Chemical composition results derived from archived data by the Mars 2020 SuperCam team have been added to the Notebook. These results are not archived products themselves but are included in the Notebook as supplementary material. Each composition is associated with a target.

Data description

SuperCam LIBS elemental abundances

SuperCam uses laser-induced breakdown spectroscopy (LIBS) to obtain semi-quantitative elemental abundances from rasters of small observation points 300–600 μm in diameter at distances of 2-7 m. Results are currently obtained for oxides of the major elements: SiO2, TiO2, Al2O3, FeOT (total iron content assessed as FeO), MgO, CaO, Na2O, K2O, and the totals of these elements, all given as weight percent (wt%). Quantitative chemistry is based on multivariate statistical models trained on data collected in the laboratory.

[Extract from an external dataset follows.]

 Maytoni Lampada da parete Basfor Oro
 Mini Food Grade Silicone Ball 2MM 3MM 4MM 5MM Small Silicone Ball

The LIBS elemental abundances are stored in a csv file named supercam_libs_moc.csv and is located in the data_derived_spectra collection. The table of results is organized with each average spectrum as a row, and abundances of each major element oxide as columns. An additional column for each major element contains the standard deviation of the derived abundances of that element for each of the individual laser shots on that location. This standard deviation helps to identify points with increased variation between shots, which may indicate changes in composition with laser ablation depth. Above the results, the Minimum, First quartile, Median, Third quartile, and Maximum value of the training set for each major element oxide are listed. These are useful for evaluating whether a derived composition exceeds the range over which the multivariate model is expected to be reliable. It is the nature of many multivariate models that they do not extrapolate beyond the training set range very well, so an abundance approaching or exceeding the training set maximum value may indicate a higher true composition. The best estimate of the accuracy is the RMSEP; this is listed above the abundances of each major element oxide. At the right-hand side of the table, the "Total" column lists the sum of major element oxides. The abundances are not normalized to 100 wt.%, so this value can vary. Low totals can indicate that a target contains significant amounts of un-quantified elements (e.g. sulfur, hydrogen, etc.) A final column lists the total emission of the spectrum prior to normalization. This can be used to assess the quality of the spectrum: low signal may indicate a poor-quality spectrum (though users should visually inspect spectra as well).

Derived composition data

Laboratory data are masked to remove noisy portions of the spectra, and then the values from each spectrometer are normalized to the total signal from the spectrometer, so that the full spectrum sums to 5. In some cases, "peak binning" is applied prior to normalization. This binning uses the average training set spectrum to define local minima and maxima, and then each individual spectrum is summed between local minima, with the resulting values assigned the wavelength of the corresponding local maximum. This reduces the size of the spectra, consolidates signal from weak/broad lines, and increases robustness to wavelength shifts. In some cases, the spectra are also standardized: each spectral channel is mean-centered and scaled by the standard deviation. This reduces the influence of the strongest lines and amplifies the influence of weaker lines, resulting in improved results in some cases.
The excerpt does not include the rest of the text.